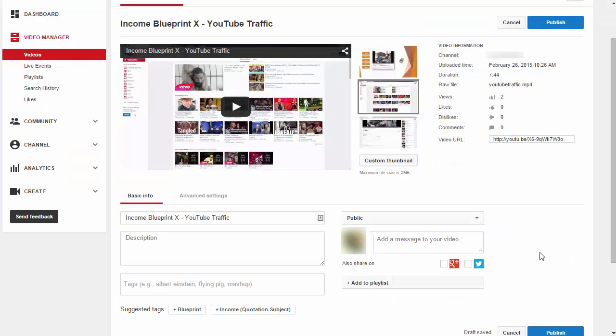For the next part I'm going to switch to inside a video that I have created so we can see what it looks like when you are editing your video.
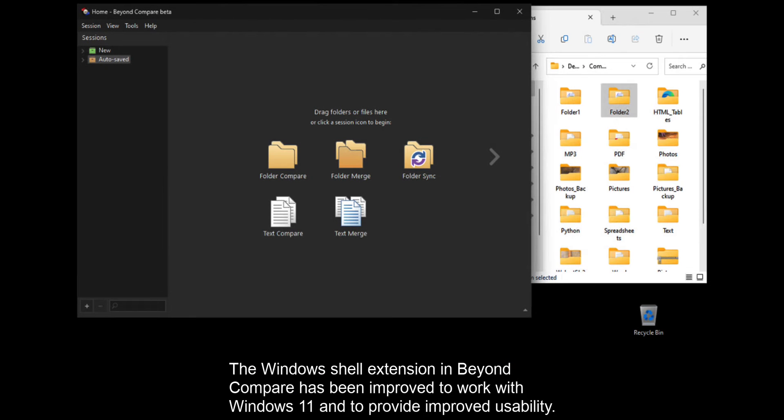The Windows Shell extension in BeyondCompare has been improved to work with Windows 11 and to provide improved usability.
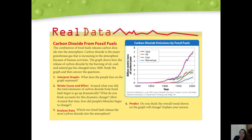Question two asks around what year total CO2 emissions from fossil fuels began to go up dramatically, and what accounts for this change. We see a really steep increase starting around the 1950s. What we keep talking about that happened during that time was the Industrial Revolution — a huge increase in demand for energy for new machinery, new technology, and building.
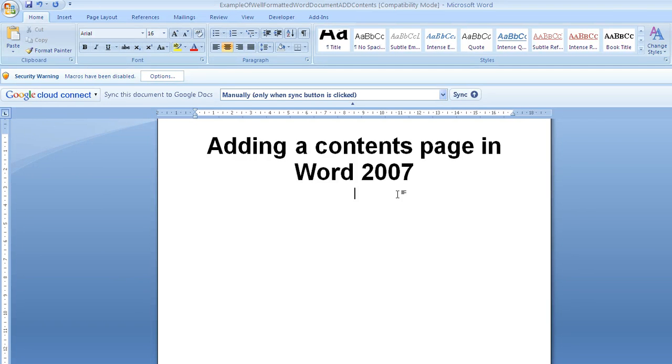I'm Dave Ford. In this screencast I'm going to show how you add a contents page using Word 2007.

• _Task details_
Return only the lines from the start of the data through the line that contains "Question two asks", please, copying them exactly and omitting all pictures.

• _Solution to this exercise_
For the next part I'm going to switch to inside a video that I have created so we can see what it looks like when you are editing your video.
The Windows Shell extension in BeyondCompare has been improved to work with Windows 11 and to provide improved usability.
Question two asks around what year total CO2 emissions from fossil fuels began to go up dramatically, and what accounts for this change. We see a really steep increase starting around the 1950s. What we keep talking about that happened during that time was the Industrial Revolution — a huge increase in demand for energy for new machinery, new technology, and building.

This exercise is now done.